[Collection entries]
↓↓↓

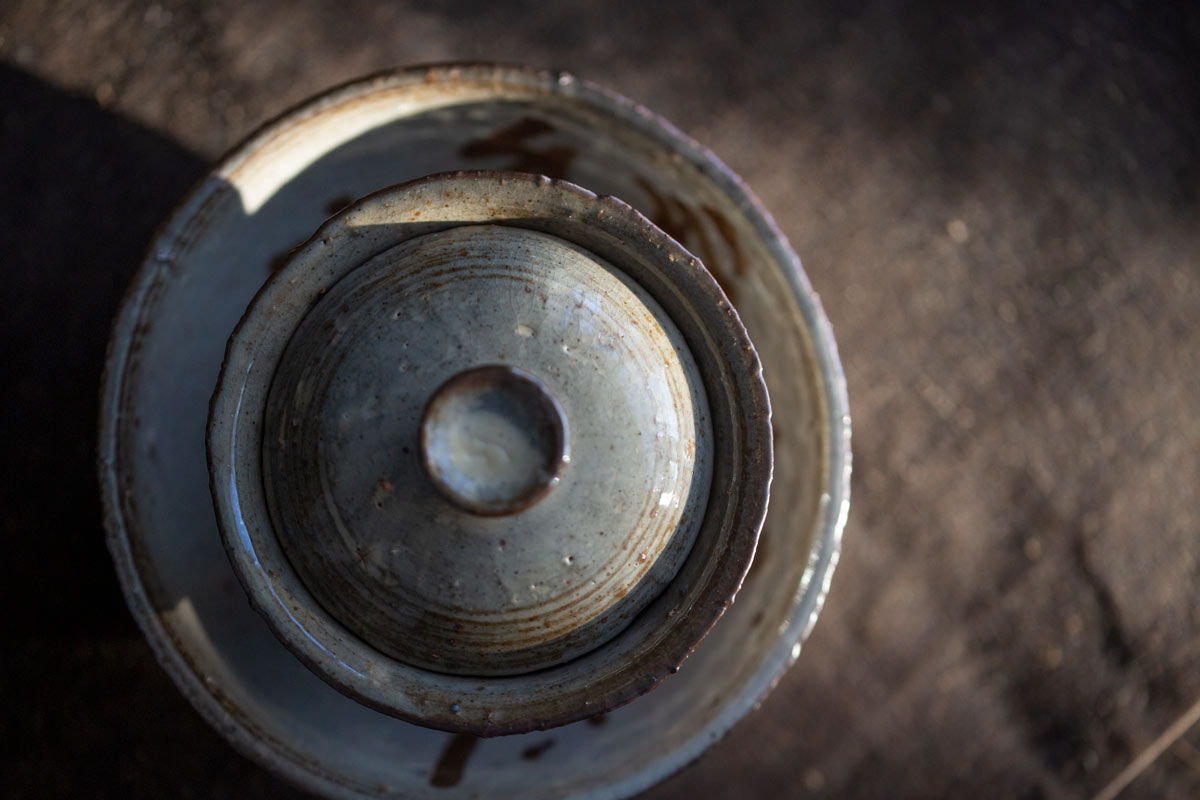 origin gaiwan pine 4 | BITTERLEAF TEAS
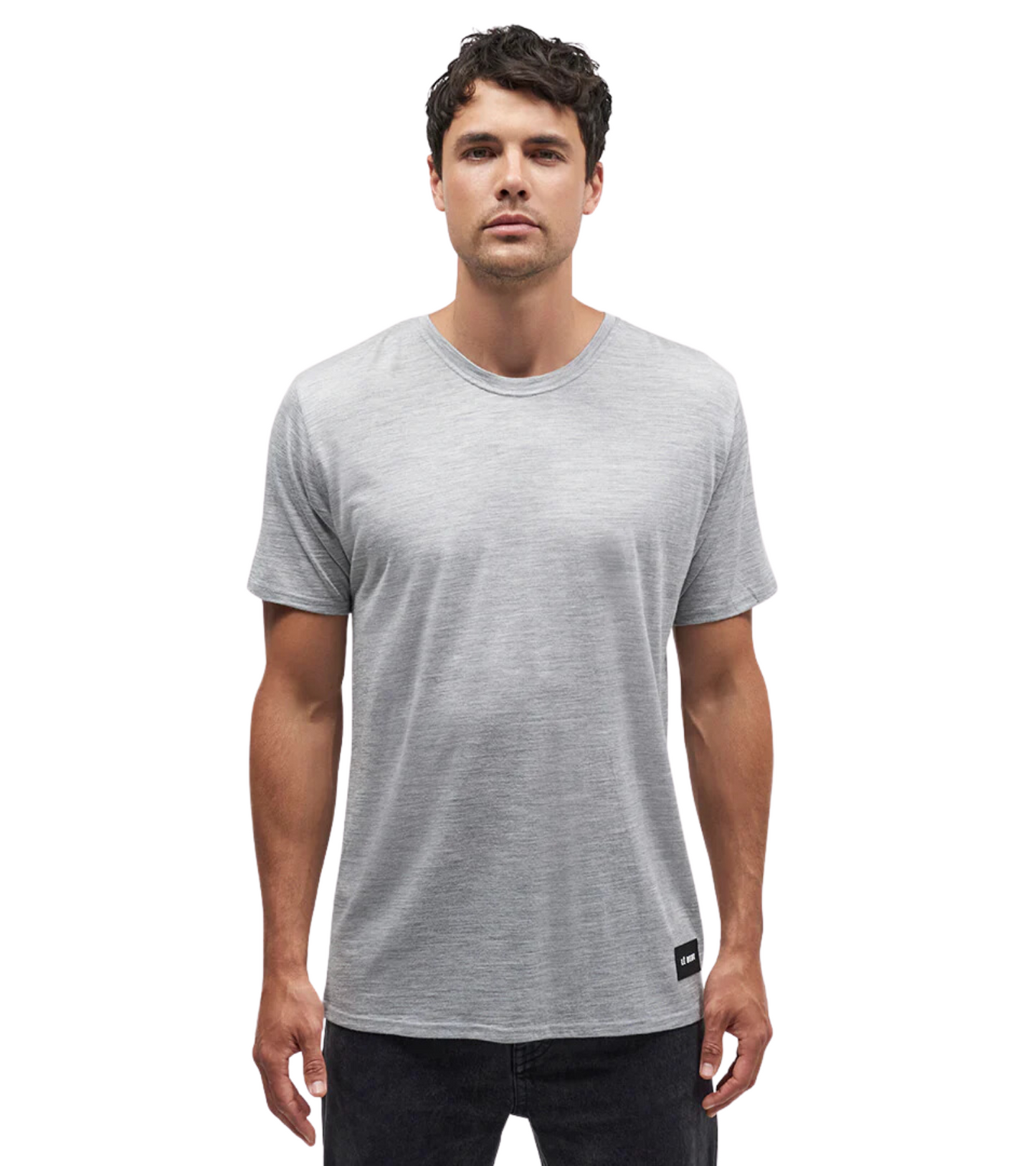 Ultralight SS Tee Mens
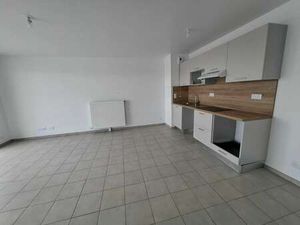 Location Appartement 2 pièces à La Roche-sur-Yon (85000) : à louer 2 pièces / 50m² La Roch
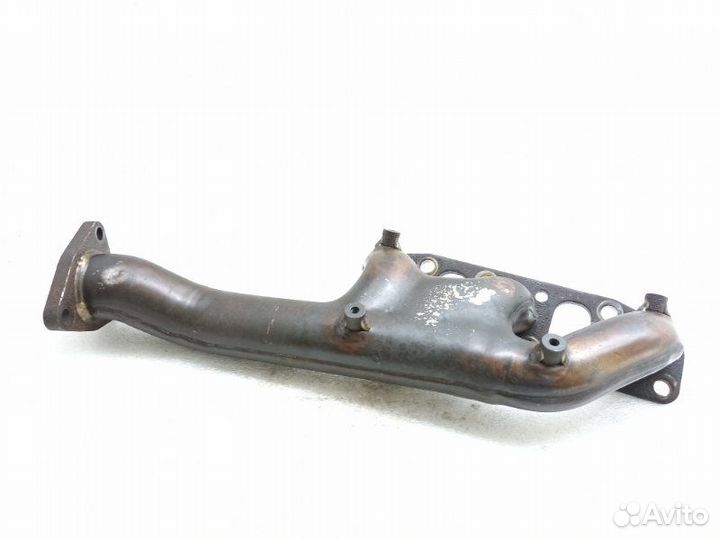 Выпускной коллектор правый Nissan Fuga Y50 3.5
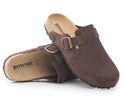 BIOLINE SABOT UNISEX 1900 IN PELLE DISPONIBILE IN VARI COLORI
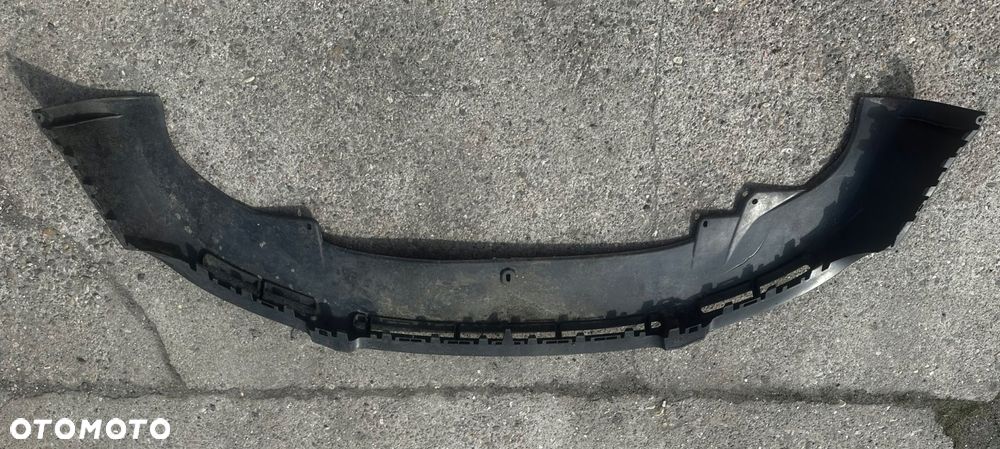 dokładka zderzaka przód 3b0805903f vw passat b5 - 9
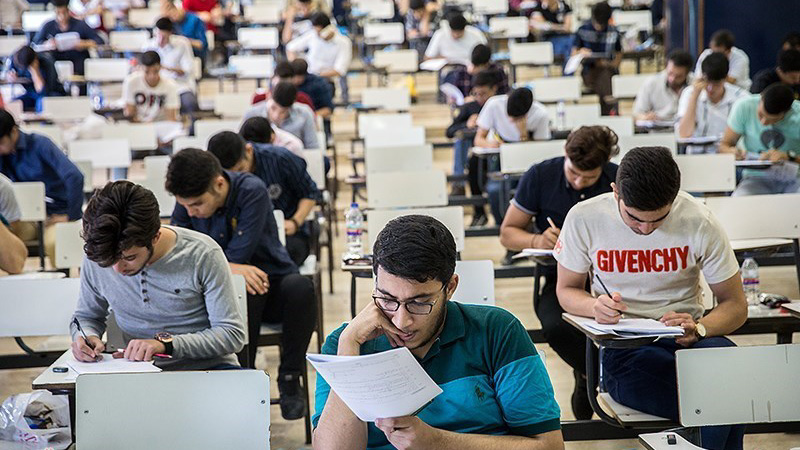 جزئیات شرایط پذیرش بدون کنکور در نیم‌ ترم بهمن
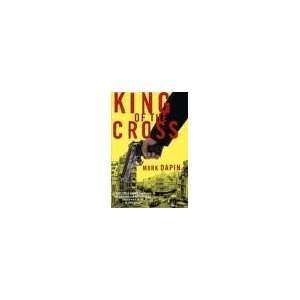  King of the Cross (9781405039628) Books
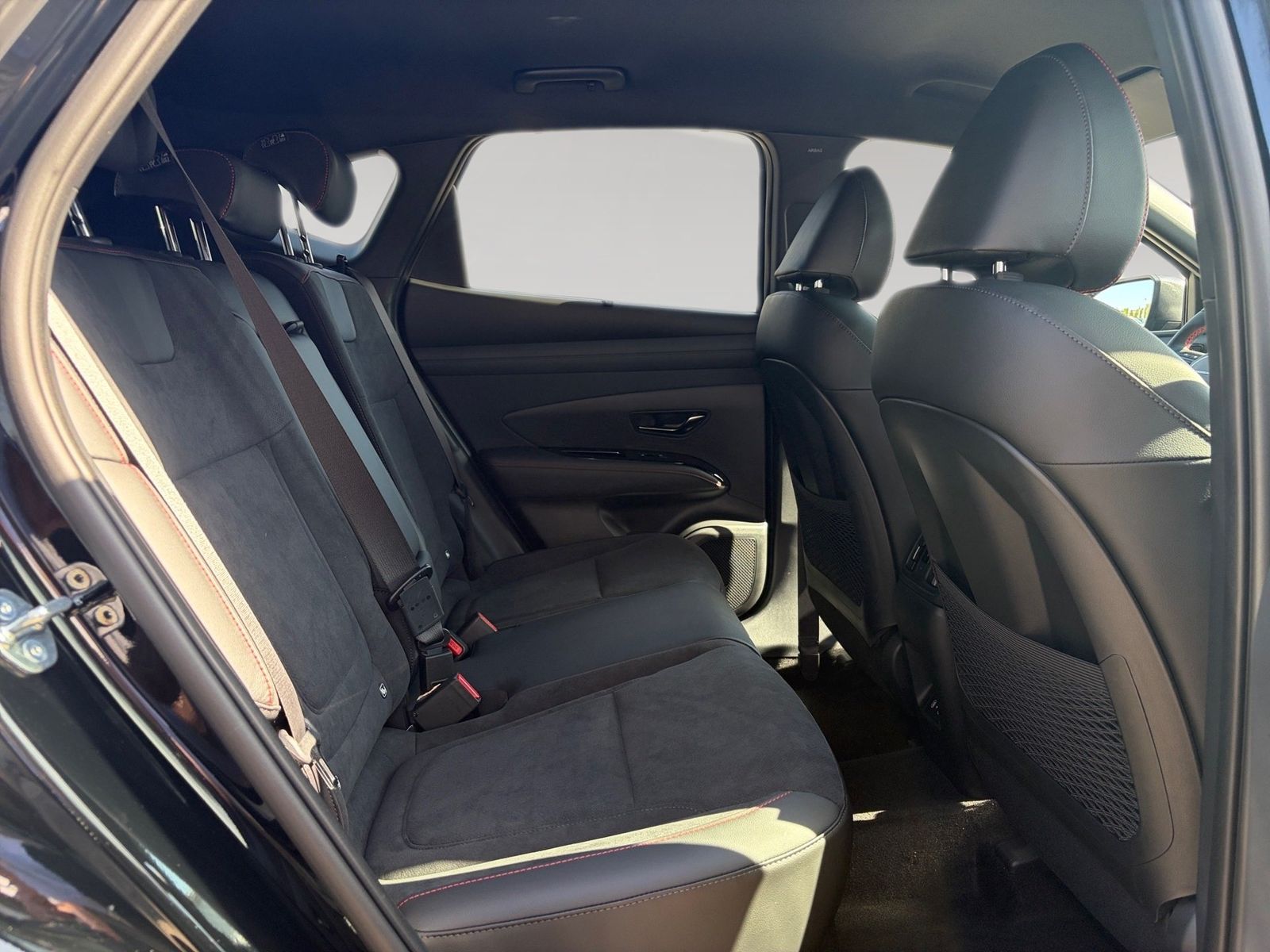 Hyundai Tucson – Bild 13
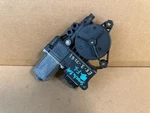 2011-2014 Hyundai Sonata Front Left Side Window Regulator Motor Oem 82450-3S011. Fixed Price $28.99.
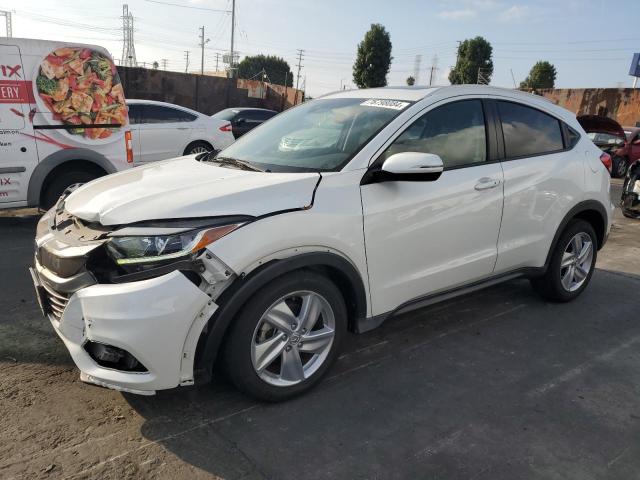 HONDA HR-V EX 2019 3czru5h59km705981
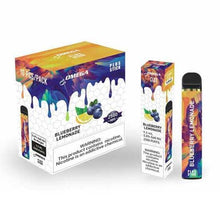 Blueberry Lemonade Kang Omega Plus - EveryThing Vapes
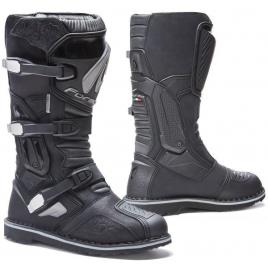 Forma Botas Motocicleta Terra Evo Wp EU 44 noir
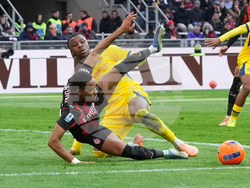 Italy Serie A Soccer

↑↑↑

## Work request:
Here the job is to print the data above exactly, except for any pictures.

## Written answer:
 origin gaiwan pine 4 | BITTERLEAF TEAS
 Ultralight SS Tee Mens
 Location Appartement 2 pièces à La Roche-sur-Yon (85000) : à louer 2 pièces / 50m² La Roch
 Выпускной коллектор правый Nissan Fuga Y50 3.5
 BIOLINE SABOT UNISEX 1900 IN PELLE DISPONIBILE IN VARI COLORI
 dokładka zderzaka przód 3b0805903f vw passat b5 - 9
 جزئیات شرایط پذیرش بدون کنکور در نیم‌ ترم بهمن
  King of the Cross (9781405039628) Books
 Hyundai Tucson – Bild 13
 2011-2014 Hyundai Sonata Front Left Side Window Regulator Motor Oem 82450-3S011. Fixed Price $28.99.
 HONDA HR-V EX 2019 3czru5h59km705981
 Blueberry Lemonade Kang Omega Plus - EveryThing Vapes
 Forma Botas Motocicleta Terra Evo Wp EU 44 noir
 Italy Serie A Soccer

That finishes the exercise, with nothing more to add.